Run PageRank on the funds-flow graph and bind the score to an explicit Account.pagerank property so it surfaces as a GNN feature column:

pagerank_rel = acct_graph.pagerank()
Account.pagerank = model.Property(f"{Account} has {Float:pagerank}")
a, score = Account.ref(), Float.ref()
model.define(a.pagerank(score)).where(pagerank_rel(a, score))

3. Stage 2 — Rules reasoner: account activity

Canonical PyRel derivation rule — a Property whose value comes from an aggregation over related instances:

# Aggregate transaction count per sending account
Account.activity_count = model.Property(
    f"{Account} has {Integer:activity_count}")
model.define(Account.activity_count(
    count(Transaction).per(Account)
)).where(Transaction.name_orig == Account.account_id)

Both Account.pagerank (continuous) and Account.activity_count (integer) get included in the PropertyTransformer so the GNN sees them as features alongside the raw transaction fields.
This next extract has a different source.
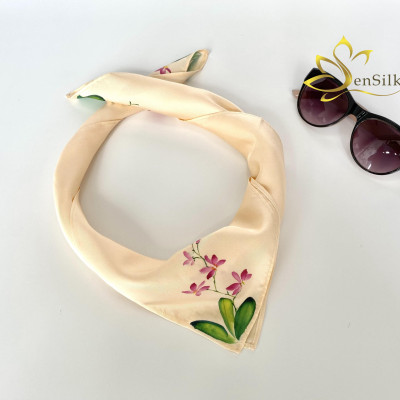 Cột Tóc Nữ Lụa Tơ Tằm Vẽ Tay Hoa Lan SenSilk, Khăn Lụa Đẹp Thời Trang 55x55cm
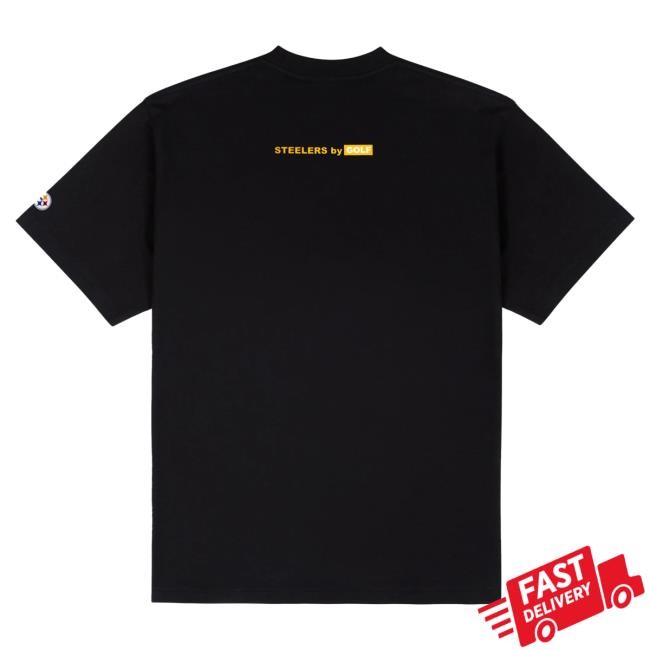 Official Golf Wang Merch Steelers Cutout Tshirt Black by Golf Wang x NFL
4. Stage 3 — Predictive: GNN binary classifier

Task relationships encode the isFraud label on train/val and omit it on test. Both the local and Snowflake reference scripts use temporal Relationships (at {Any:step_ts}) and has_time_column=True. At multi-million-row scale the GNN’s datetime pipeline can hit a server-side ValidationError — if you encounter that adapting to your own data, see the troubleshooting block below for the workaround (drop temporal handling).
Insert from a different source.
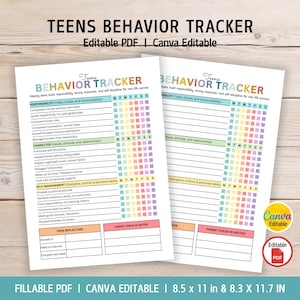 Planilha de Acompanhamento do Comportamento de Adolescentes, Gráfico de Comportamento de Adolescentes, Gráfico de Responsabilidades de Adolescentes, Desenvolvedor de Autodisciplina e Caráter, Modelo Editável no Canva, PDF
Train = Relationship(f"{Transaction} at {Any:step_ts} has {Any:label}")
model.define(Train(Transaction, TrainTable.step_ts, TrainTable.is_fraud))
    .where(Transaction.transaction_id == TrainTable.transaction_id)

gnn = GNN(
    exp_database=..., exp_schema=...,
    graph=gnn_graph, property_transformer=pt,
    train=Train, validation=Val,
    task_type="binary_classification", eval_metric="roc_auc",
    has_time_column=True, stream_logs=False, seed=42,
    device="cpu", n_epochs=10, lr=0.005, temporal_strategy="last",
)
gnn.fit()
Transaction.predictions = gnn.predictions(domain=Test)

5. Stage 4 — Bridge: blend GNN probability with heuristic flag

The bundled dataset carries an is_flagged_fraud heuristic from the source dataset. Combine it with the GNN probability via a convex mix:

model.define(Transaction.alert_score(
    ALPHA_FLAG * Transaction.is_flagged_fraud
    + (1 - ALPHA_FLAG) * Transaction.predictions.probs
)).where(Transaction.predictions)

6. Stage 5 — Prescriptive: knapsack MILP investigator-budget allocation

An auditor’s time is the scarce resource: the total investigation budget is fixed in hours, and the time to audit a transaction grows with its size. Maximize expected loss averted (score × amount) subject to that budget, plus a per-receiver cap to prevent flooding one account.

problem.satisfy(...).require(
    sum(Txn_ref, Txn_ref.audit_cost * select_ref) <= AUDIT_BUDGET_HOURS
)
# per-receiver cap: at most 1 audit per destination account
problem.maximize(sum(Txn_obj.alert_score * Txn_obj.amount * sel_obj))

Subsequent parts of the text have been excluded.